The goal of precision medicine, as laid out by the National Academy of Sciences, “is to embed our scientific enterprise into the normal course of clinical care.” As a result, clinical discovery reaches beyond clinical trials and research using human samples and data. It also involves incorporating trial and research results, electronic health records and other types of personal health data into the clinic. Those findings are then shared with other clinicians, researchers, policy makers and technology developers through the knowledge network.

By analyzing clinical information from a large number of healthy participants and patients with a given condition and combining that data with genetics, treatment response and other information, we can identify patterns of health, disease and treatment that might otherwise be invisible. In this way, precision medicine translates research discoveries into clinical practice.

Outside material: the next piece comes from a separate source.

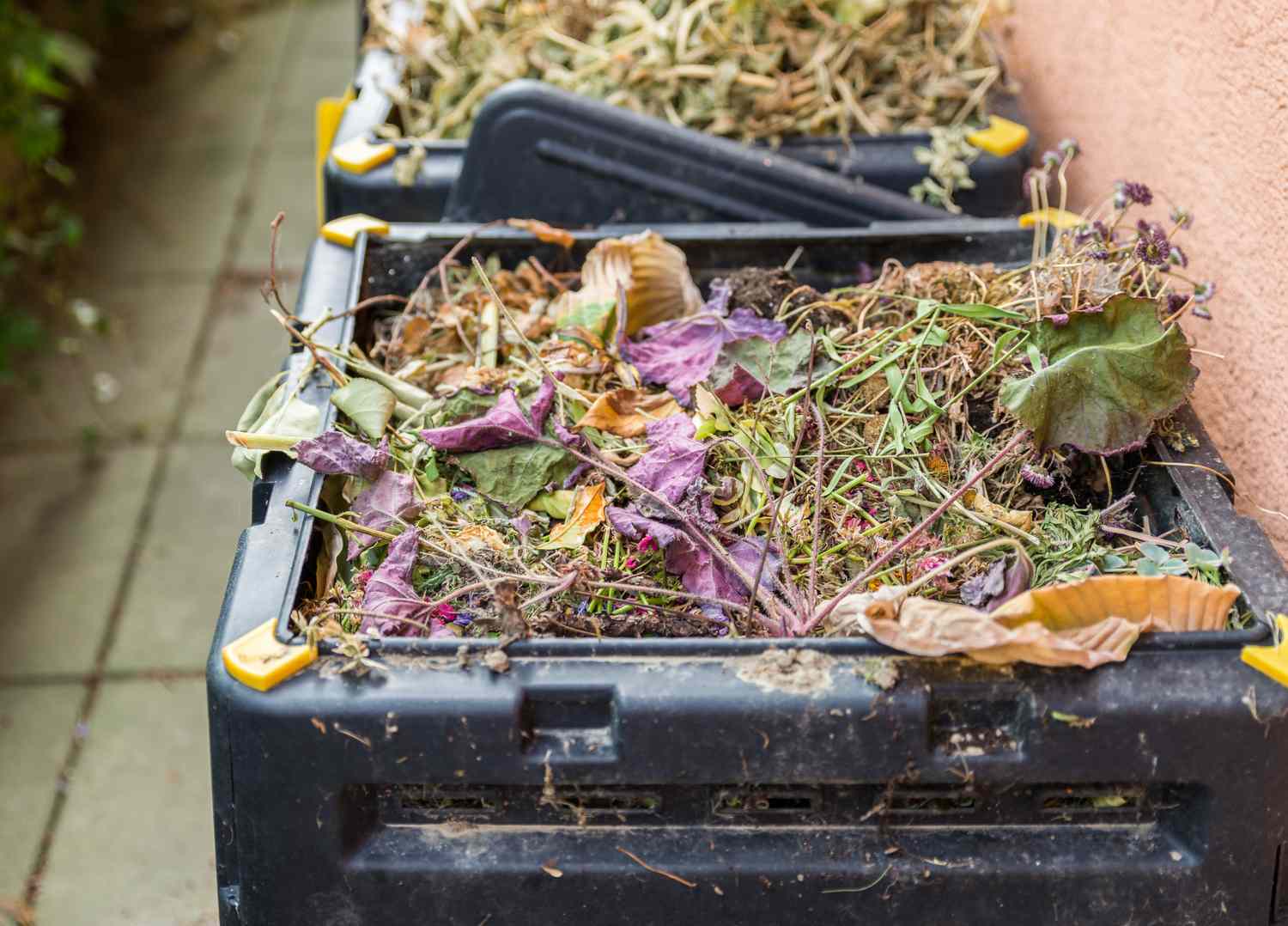 Compost bins filled with plant and organic waste set on a paved surface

In turn, clinical discovery plays an essential role in developing and making resources available to researchers.

One invaluable tool for clinical discovery is a biobank, a repository of tissues and accompanying data that can be used for research purposes. UCSF biobanks are vital to obtaining molecular and genomic data, but they are only fully useful if they have consistent, accessible and high-quality samples. To that end, the UCSF Clinical and Translational Science Institute is devising consistent and reliable approaches for consent, tissue collection and use, as well as creating a virtual biorepository that links all biobanks throughout UCSF.

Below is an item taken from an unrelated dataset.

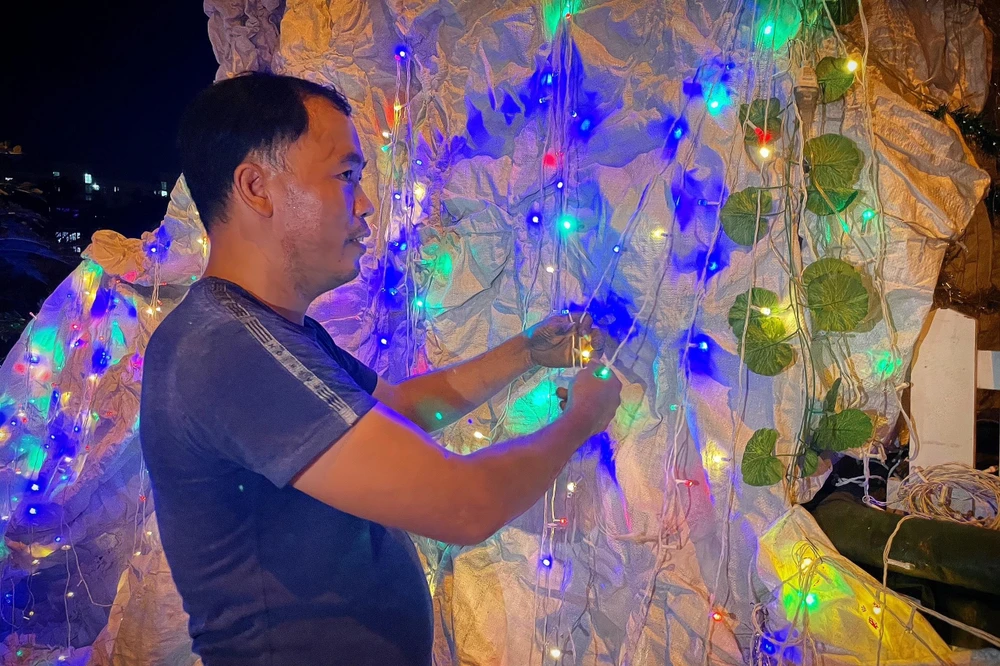 Anh Nguyễn Văn Tý đang kiểm tra lại các thiết bị đèn điện của hang đá.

Digital health goes hand in hand with clinical data collection. Wearable devices and clinical instruments that can record patient information accurately can provide a plethora of new information. Electronic health records are key to incorporating clinical information – including diagnostic tests, demographics and genomic data – and sharing information between clinicians, researchers and patients.

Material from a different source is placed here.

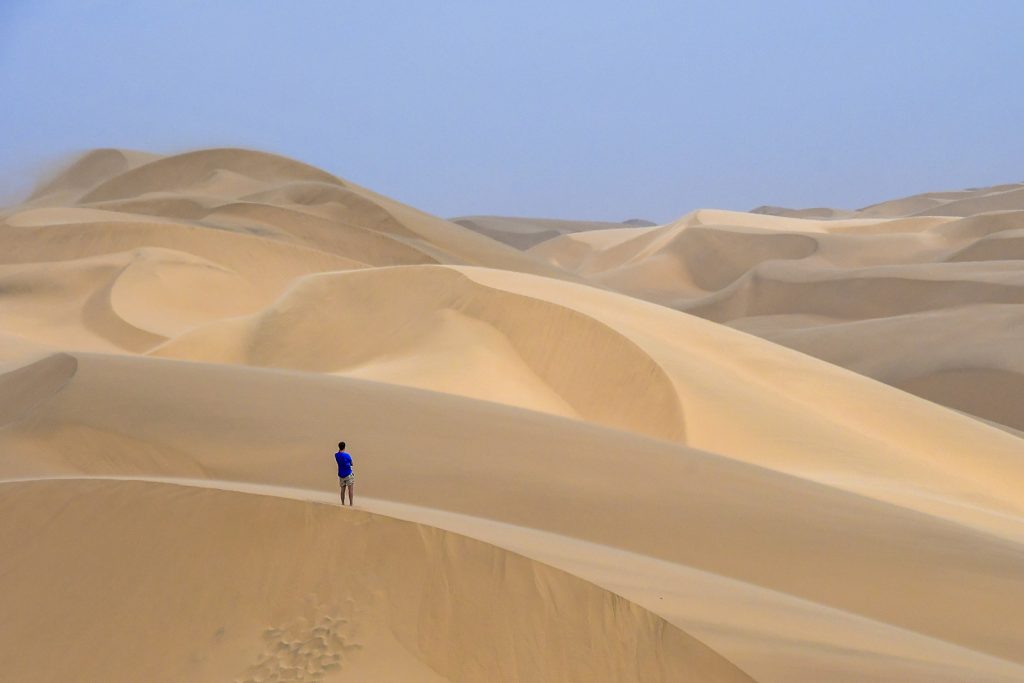An aerial view of a person standing on top of a sand dune in the desert.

The relationship between clinical discovery and basic discovery is a dynamic one. Next-generation sequencing (NGS), for example, was developed in the basic discovery setting, but is now the underlying ‘omic technology behind many clinical precision medicine projects, including a UCSF investigation of the use of NGS in rapid identification of infectious diseases. Similarly, patterns revealed by clinical trial data and biobank specimens can inform new research questions.

Current Projects

  • Next-generation sequencing diagnosis of infectious disease
    UCSF’s Charles Chiu’s demonstration project will validate the use of a next-generation sequencing test for patients presenting with encephalitis, meningitis, sepsis or pneumonia. The test is one of two demonstration projects funded by the California Initiative to Advance Precision Medicine.
  • UCSF Biobanking and Biospecimen Initiative
    UCSF’s Clinical and Translational Science Institute is developing infrastructure for consent, acquisition and management of human biospecimens. These specimens will be coupled with electronic health records and become part of an annotated, searchable web-based biospecimen database that includes more than 150 legacy biobanks across campus. The Biobanking and Biospecimen Science Symposium (February 18, 2016) was livestreamed and may be viewed here.
  • The Center for Maternal-Fetal Precision Medicine
    This trans-disciplinary program is designed to improve understanding and treatment of patients with congenital anomalies and pregnancy complications. The program aims to integrate existing demographic, epidemiological, social, environmental, clinical and biomarker data in an effort to predict risk of adverse outcomes and response to treatment. By doing so, the program will create stronger bridges between basic research and clinical applications, and improve maternal, fetal and neonatal care.
  • MS Bioscreen
    MS Bioscreen is an iPad app that allows patients and practitioners to see an individual’s data in comparison to others. In pilot studies of MS Bioscreen, giving patients access to this visualized data helped them understand why they were following a given course of treatment and increased compliance to treatment plans.